While working at Ground Zero, Megan started Live From the WTC, a blog focused on economics, business, and cooking. She may or may not have been the first major economics blogger, depending on whether we are allowed to throw outlying variables such as Brad Delong out of the set. From there it was but a few steps down the slippery slope to freelance journalism. She has worked in various capacities for The Economist, where she wrote about economics and oversaw the founding of Free Exchange, the magazine's economics blog. She has also maintained her own blog, Asymmetrical Information, which moved to The Atlantic, along with its owner, in August 2007.

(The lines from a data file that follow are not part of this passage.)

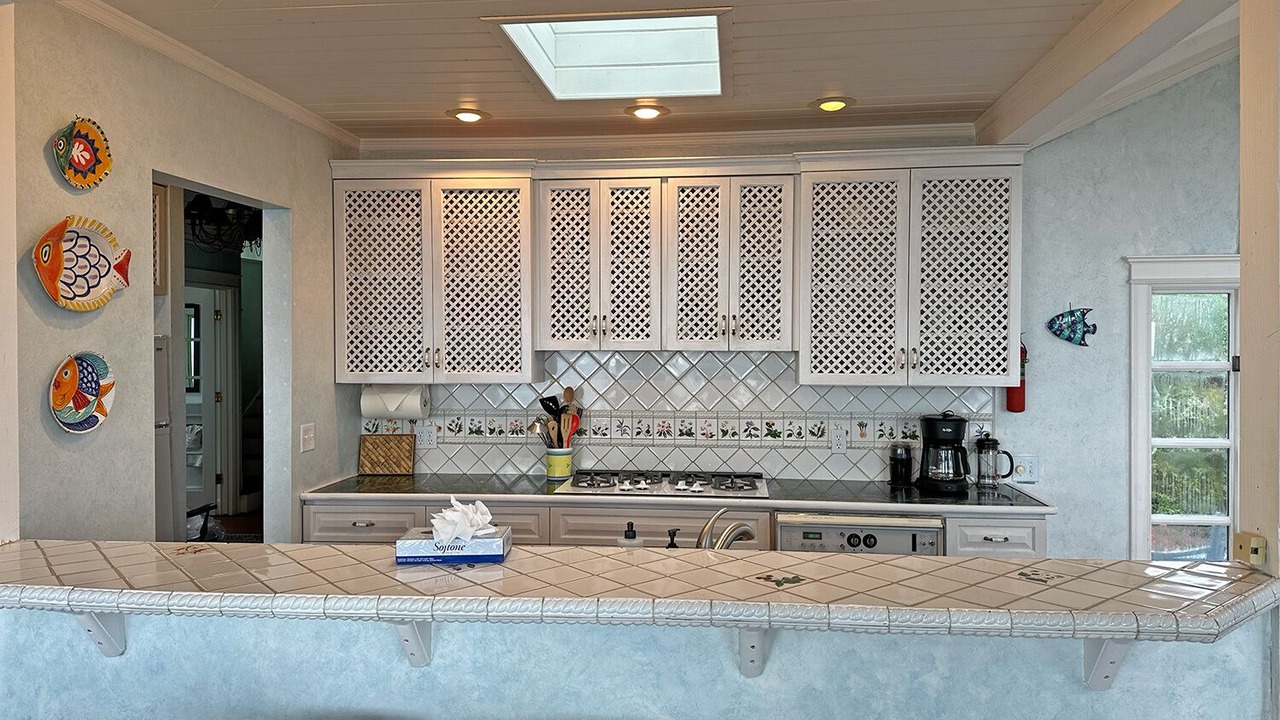 Photo of Others in Bodega Bay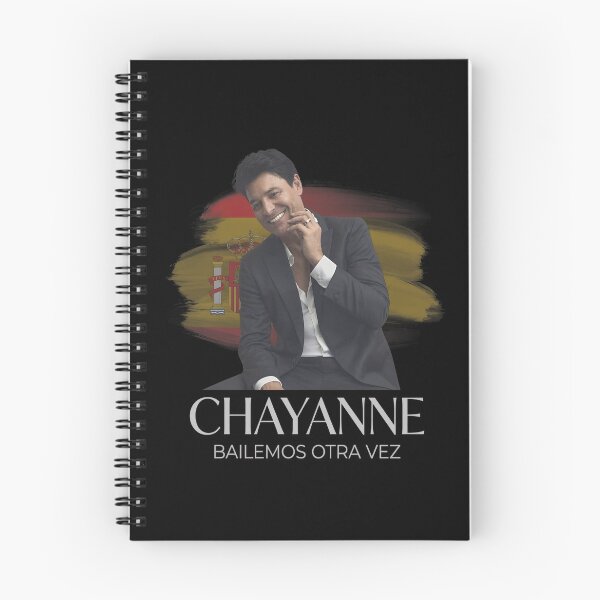 Item preview, Music Star Spanish Lyric Portrait Graphic designed and sold by RoseArtGraphic.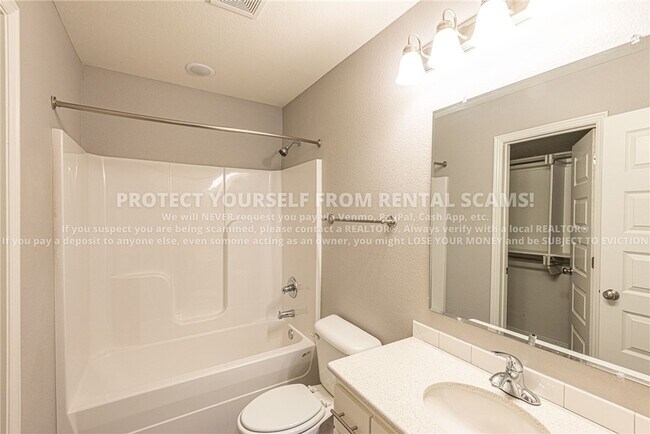 Building Photo - 1272 N Corsica Dr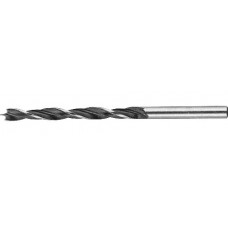 Сверло спиральное по дереву, STAYER, PROFESSIONAL, 2942-070-04_z01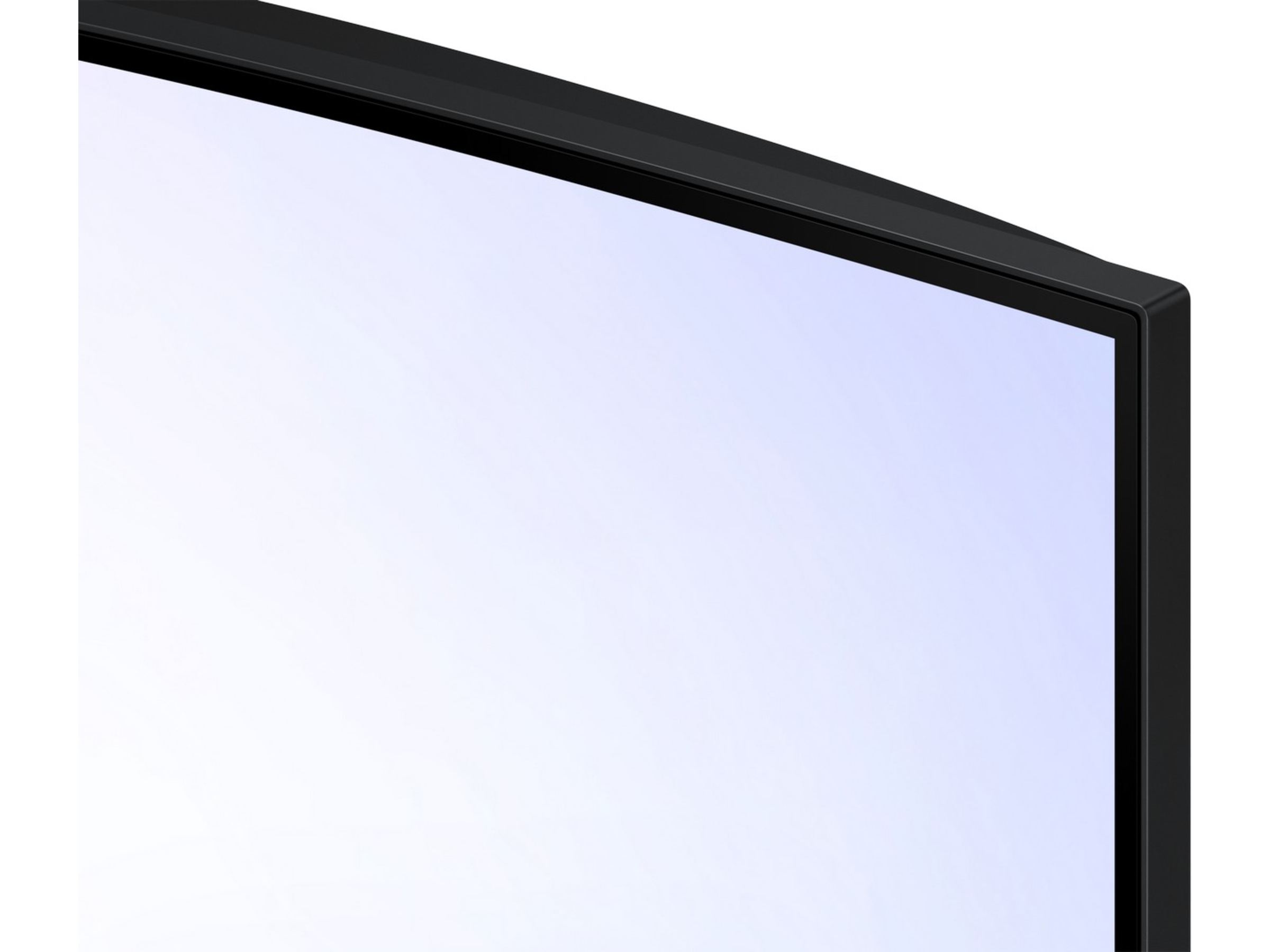 Samsung 34" buet skærm S34C350VE Bildskärmar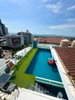listing thumbnail image 2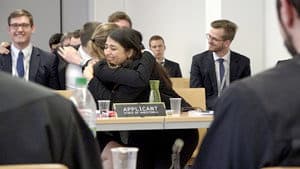 Die Kunst der Widerrede — foto 3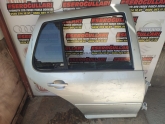 Oto Çıkma Parça / Kaporta & Karoser / Kapı / Volkswagen / Golf / Çıkma Parça 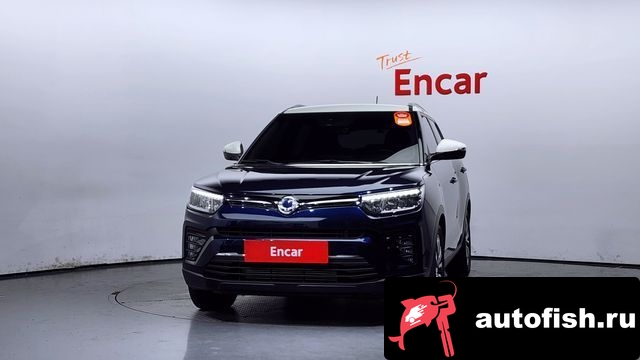 similar cars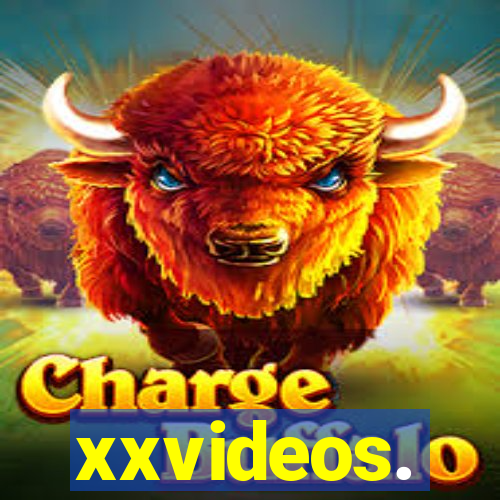 xxvideos.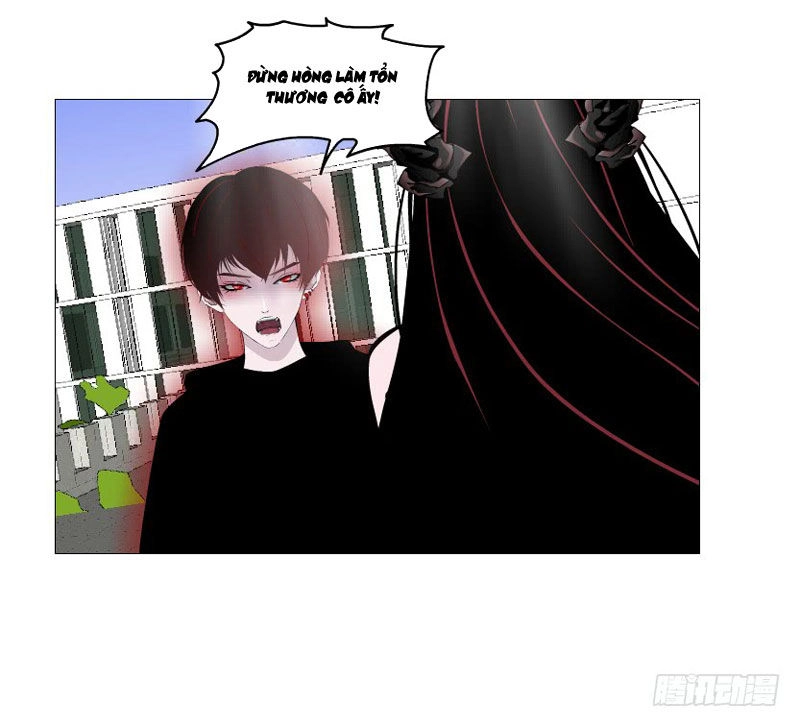 Beauty And Demon Chapter 157 - 32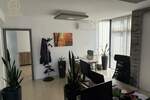 Poslovni prostor / Lokal, Beograd, Vitanovačka, izdavanje, 235m2, 2250e, id1428438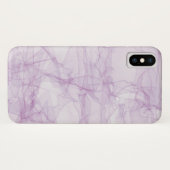 大理石ケースメイトKolly There iPhone Xケース Case-Mate iPhoneケース (裏面(横))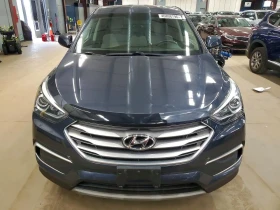 Hyundai Santa fe SPORT - 13600 € / 26599.29 лв. - 84180407 3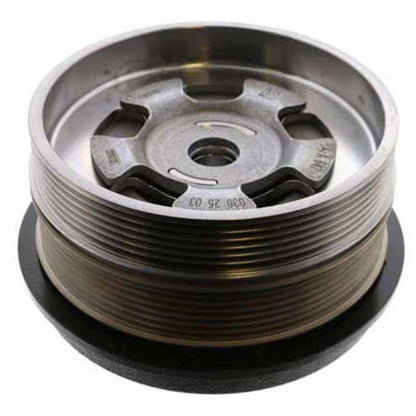 Harmonic Balancer Replacement for MB Sprinter 3500XD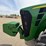 2006-john-deere-8330-image-31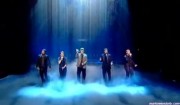 Take That au Strictly Come Dancing 11/12-12-2010 6a1eb9110859347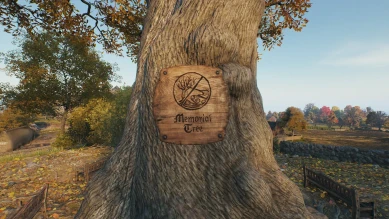 Подробностями о новом движке Core в World of tanks.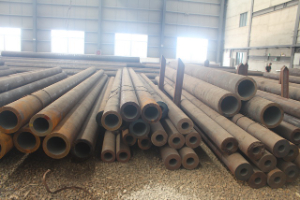 廠(chǎng)家生產(chǎn)銷(xiāo)售Q355D鋼管現(xiàn)貨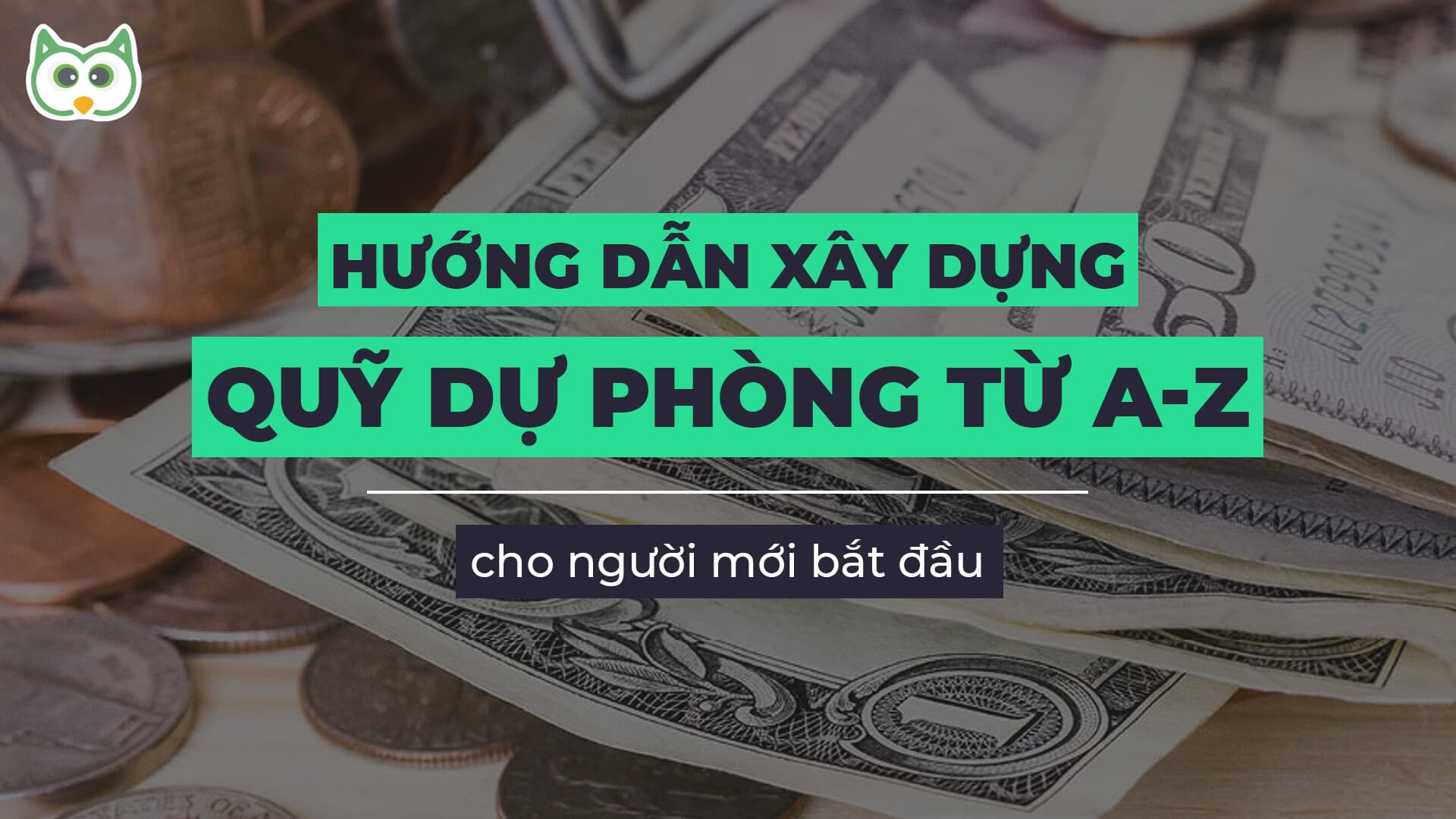 quy-du-phong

Megan holds a bachelor's degree in English literature from the University of Pennsylvania and an M.B.A. from the University of Chicago. After a lifetime as a New Yorker, she now resides in northwest Washington, D.C., where she is still trying to figure out what one does with an apartment larger than 400 square feet.

Dollar Worries: Hypocrisy or Crankery?

By Megan McArdle
Dec 8 2009, 9:49 AM ET Comment

Yglesias tries to distinguish between people who are worried about the declining dollar because they are cranks, and people who are worried about the declining dollar because it is a good stick with which to bash Barack Obama:

Now if you know someone who spent all of 2007 and the beginning of 2008 lambasting conservative economic policies for destroying the value of the dollar, and then who felt that good things were happening to the economy during the fall and winter of 2008, as reflected in the rise of the dollar, then you know someone who's a crazy crank. But he's a crazy crank who's earned the right to complain about Obama! But if you know someone who never mentioned the falling dollar in 2007, and never mentions today that the Obama-era "plummet" merely reflects a reversion to where things were before the financial panic, then you know a partisan crank.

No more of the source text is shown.